Альфред Айзенштадт родился в Диршау (Dirschau, Западная Пруссия, ныне Польша, Тчев) в семье торговца Йозефа Айзенштадта. В 1906-м семья переезжает в Берлин. В 1913–1916 году Айзенштадт учится в Берлинском университете. Свою первую камеру (Eastman Kodak No. 3) он получает в подарок от дяди, в возрасте 14 лет.
В 17 лет Айзенштадта призывают в германскую армию. Он служит на фронте во Фландрии; 9 апреля 1918-го в сражении под Верденом получает ранение обеих ног, после чего целый год не может ходить без посторонней помощи. В это время возобновляется его интерес к фотографии, и он посещает музеи, изучая приемы композиции и способы передачи освещения. В 1922-м Айзенштадт становится продавцом галантерейных товаров, на сэкономленные от своей скромной зарплаты деньги покупая фотографическое оборудование.

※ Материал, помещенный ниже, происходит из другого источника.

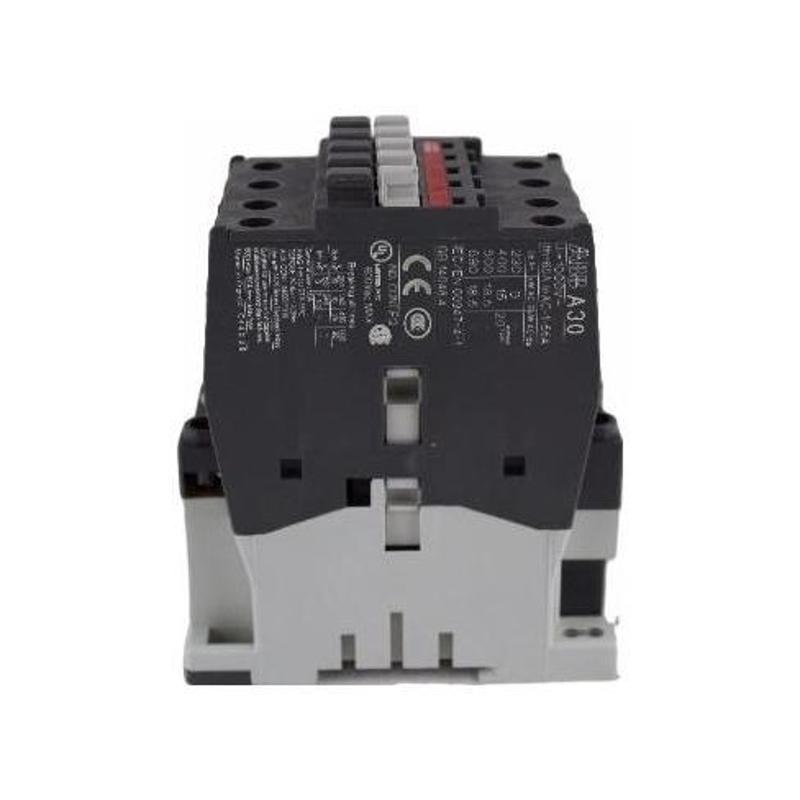 York - 024-25578-000 - Protector Motor York - 024-25578-000 - Protector Motor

В 1927 году, будучи с родителями на каникулах в Чехословакии, с расстояния в 46 метров он делает снимок женщины, играющей в теннис, фигура которой отбрасывает эффектную тень. Позднее в книге «Айзенштадт об Айзенштадте» (Eisenstaedt on Eisenstaedt) он напишет: «Я сделал фотографию сцены при помощи камеры Zeiss Ideal на пластинку 9 x12 см и испытывал удовлетворение, показывая ее своему другу. «Почему же ты ее не увеличишь?», – спросил тот. И показал мне хитроумное приспособление в виде деревянной коробки с лампой внутри, прикрепленное к камере, точно такой же, как и моя… Кода я увидел, что можно увеличить изображение и убрать несущественные детали, меня укусила какая-то фотографическая муха, и я открыл огромные возможности». Это фотография становится первой из проданных мастером (в Der Welt Spiegel, за 12 марок).
В 1929-м (в возрасте 31 года) Айзенштадт начинает профессиональную карьеру, и его первым заданием становится освещение церемонии вручения Нобелевской премии в Стокгольме («Фотожурнализм только начинался, а я знал о фотографии очень мало. Это было авантюрой, и я всегда удивлялся, когда что-либо получалось»). В то время он находится под влиянием Мартина Мункачи и Эриха Саломона, с которым сотрудничает.